Vsevolod Vladimirovich
Fedynsky

1908-1978


Vsevolod Vladimirovich Fedynsky was a Soviet astronomer and geophysicist, the Director (NIIPG) of the GSST (1944), a Professor at Moscow State University (1950, 1977), the executive editor of the VAGO bulletin, the editor-in-chief of the journal “Astronomical Bulletin” (1967), a corresponding member of the USSR Academy of Sciences (1968). Vsevolod Vladimirovich Fedynsky was born on May 1, 1908 in the village of Velikaya Bagachka (now the Poltava region, Ukraine). In 1930 he graduated from the Physics and Mathematics Faculty of Lomonosov Moscow State University with a degree in astronomy and gravimetry.
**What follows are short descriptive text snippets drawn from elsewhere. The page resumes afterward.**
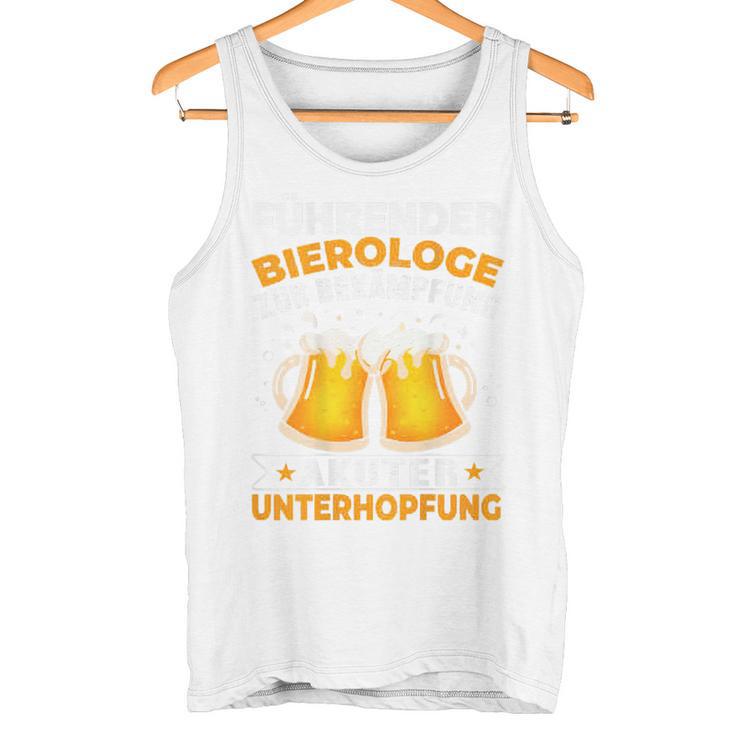 Leader Bierologist For Fighting Acute Underhoping Tank Top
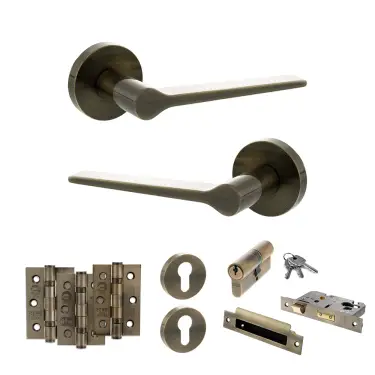 Click Here To Enlarge This Photo Of Atlantic - SPR180AB Senza Pari Laviano Door Handle Pack - Antique Brass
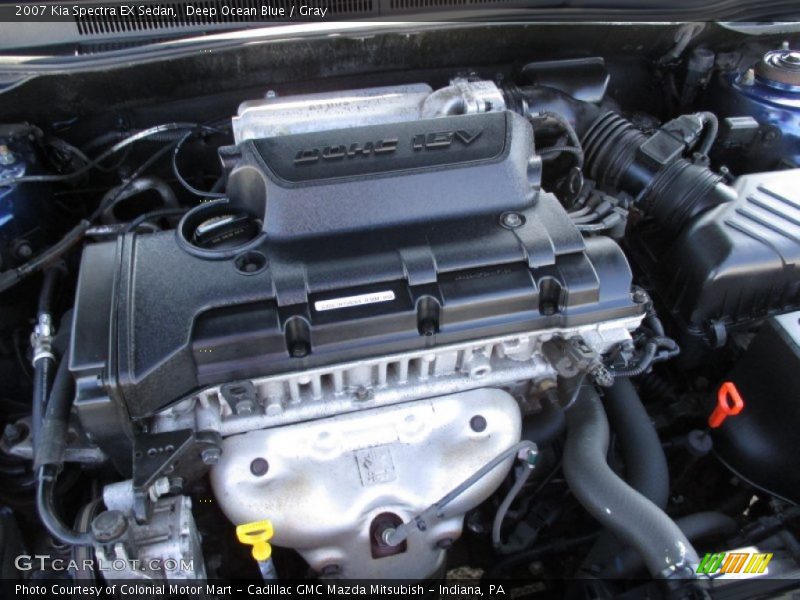 Deep Ocean Blue / Gray 2007 Kia Spectra EX Sedan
In 1930-1944 he worked in geophysical exploration organizations of the oil industry, in 1944-1952 — in the All-Union Research Institute of Geophysical Methods of Exploration. In 1952-1957 he was the Head of geophysical works in the oil industry, since 1957 he worked in the Ministry of Geology of the USSR. He had major works in the field of exploration geophysics, gravimetry, Earth physics and meteor astronomy. He contributed to the wide development of complex geophysical research, organized detailed geophysical surveys to search for mineral deposits, participated in the formulation and scientific justification of the problem of drilling ultra-deep wells. He was engaged in gravimetric instrumentation. In 1944 he invented the gravimeter-altimeter. In 1934, under his leadership, the first meteor spectrum in the USSR was obtained. He received data on the deceleration of meteors in the atmosphere and on the temperature gradient in the atmosphere at altitudes of 50-80 km. In 1947, in a pioneering work on the destructive effect of meteorite impacts, together with K.P. Stanyukovich, he predicted the existence of meteorite craters on Mars, Mercury, asteroids and satellites of planets. He was awarded the Orders of the Red Banner of Labor, the Badge of Honor, the Medal for Valiant Labor in the Great Patriotic War, the Stalin Prize of the third degree – for the development and implementation of spring gravimeters for geophysical exploration and other awards.